» **EXERCISE AIM**
Print them exactly: the lines from the beginning of the entries below through the line that contains "Are you a tab", and only those, with the pictures left out.

» **GIVEN RECORDS**
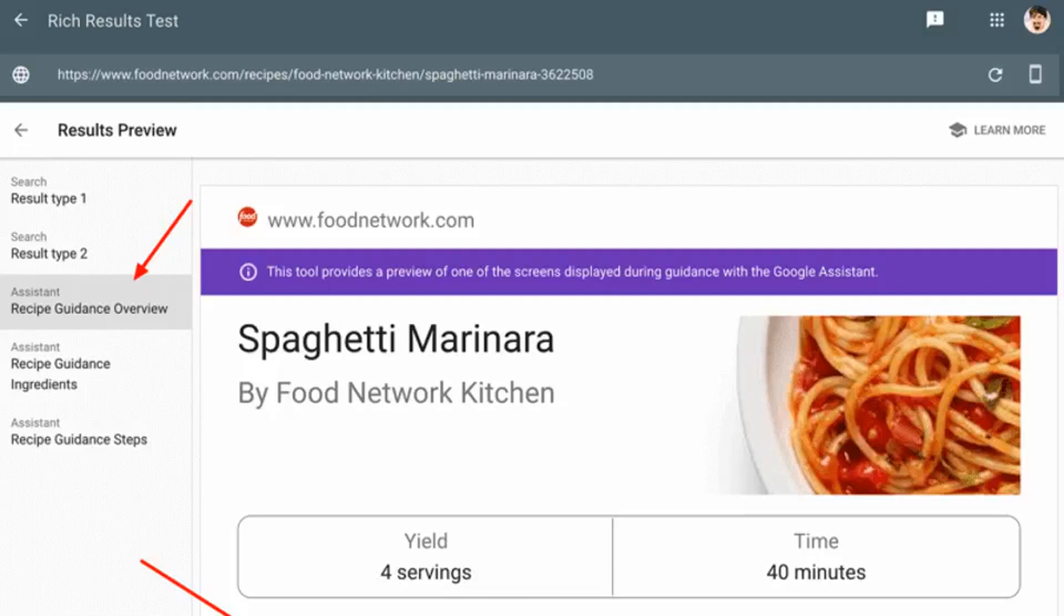Preview your recipe results on Google Home Hub devices. Google has updated the Rich Results Testing tool to enable recipe publishers to preview how the recipe results look on smart displays using Google Assistant.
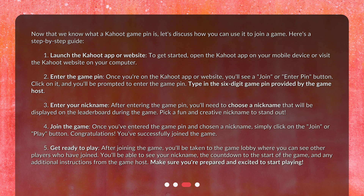Step 3: Enter your nickname. After entering the game pin, you'll need to choose a nickname that will be displayed on the leaderboard during the game. Pick a fun and creative nickname to stand out. Step 4: Join the game. Once you've entered the game pin and chosen a nickname, simply click on the join or play button. Congratulations! You've successfully joined the game.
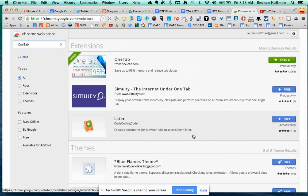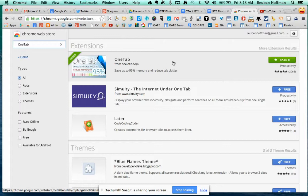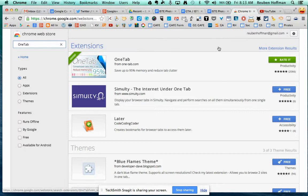Are you a tab collector like me? You need a Chrome extension called OneTab. Type in OneTab together in the Chrome Web Store and you'll find this extension.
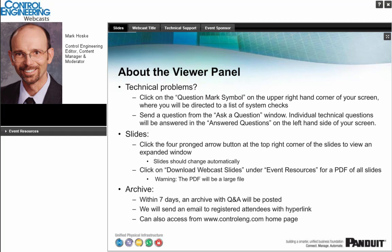Individual technical questions will be answered in the Answered Questions area on the left side of your screen. You can use the Ask a Question box to type in questions for the speakers during the presentation for the Q&A session at the end. You may ask questions at any time, and we'll get to as many as the time allows. Questions for today's presenters will be answered verbally during the Q&A session. To download the presentation slides or a certificate of completion, use the event resources on the left side of your screen. The webcast is being recorded, including the Q&A session. We'll post the archive on the Control Engineering website in a few days and send you an email with a link.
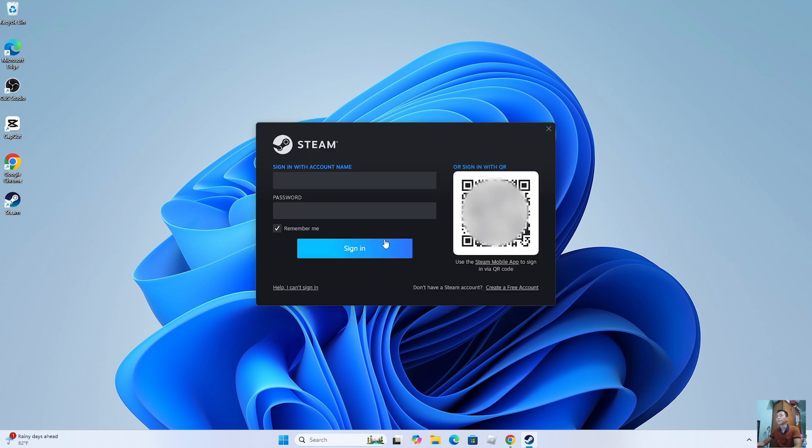After installing Steam, sign in with your account. If you don't have a Steam account, create one.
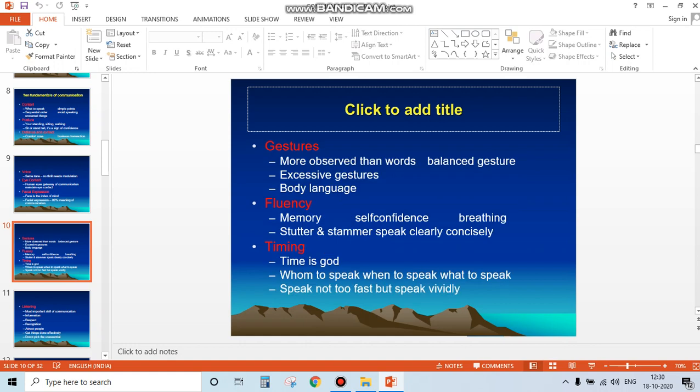Next are gestures - more observed than words. Maintain balanced gestures. A person's actions speak louder than their words. Avoid excessive gestures. Body language should be very good.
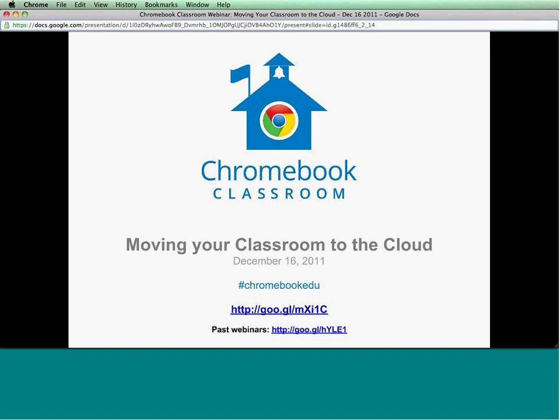Another housekeeping note: I will copy and paste the link to these slides. It's goo.gl slash MX — capital X, lowercase I, one capital C. You can also check out some of our past webinars. All of the recordings and slides are available if you want to check out the introduction to Chrome, some web apps and extensions, and also managing using the Chromebooks control panel.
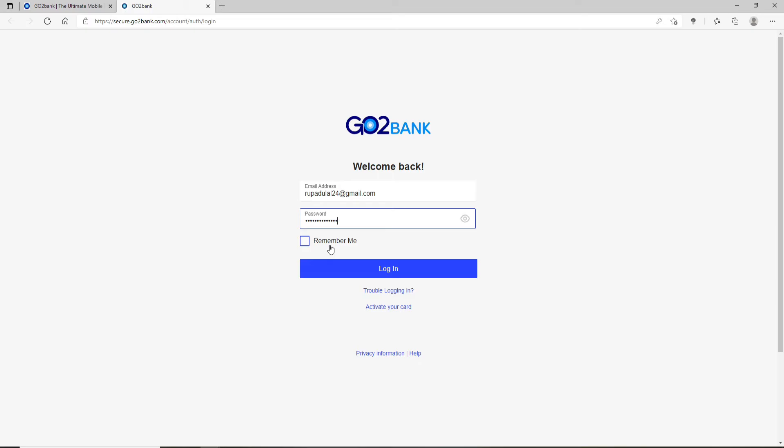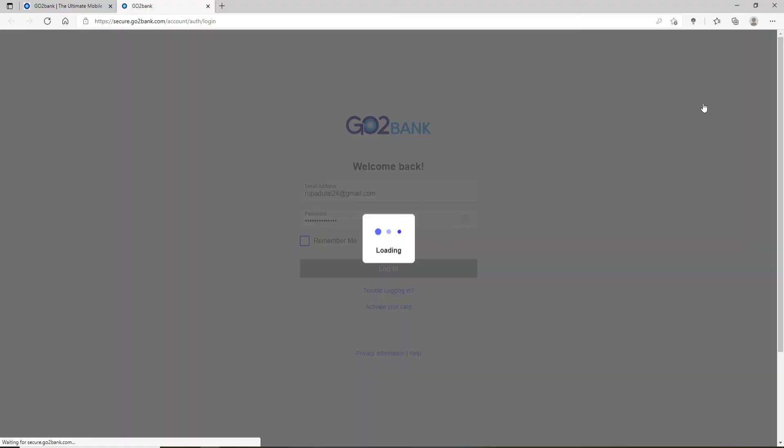But if you're using a public or a shared device, do not check the box. Now finally, click on the Login button in order to log into GoToBank account.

» **RESULT**
Preview your recipe results on Google Home Hub devices. Google has updated the Rich Results Testing tool to enable recipe publishers to preview how the recipe results look on smart displays using Google Assistant.
Step 3: Enter your nickname. After entering the game pin, you'll need to choose a nickname that will be displayed on the leaderboard during the game. Pick a fun and creative nickname to stand out. Step 4: Join the game. Once you've entered the game pin and chosen a nickname, simply click on the join or play button. Congratulations! You've successfully joined the game.
Are you a tab collector like me? You need a Chrome extension called OneTab. Type in OneTab together in the Chrome Web Store and you'll find this extension.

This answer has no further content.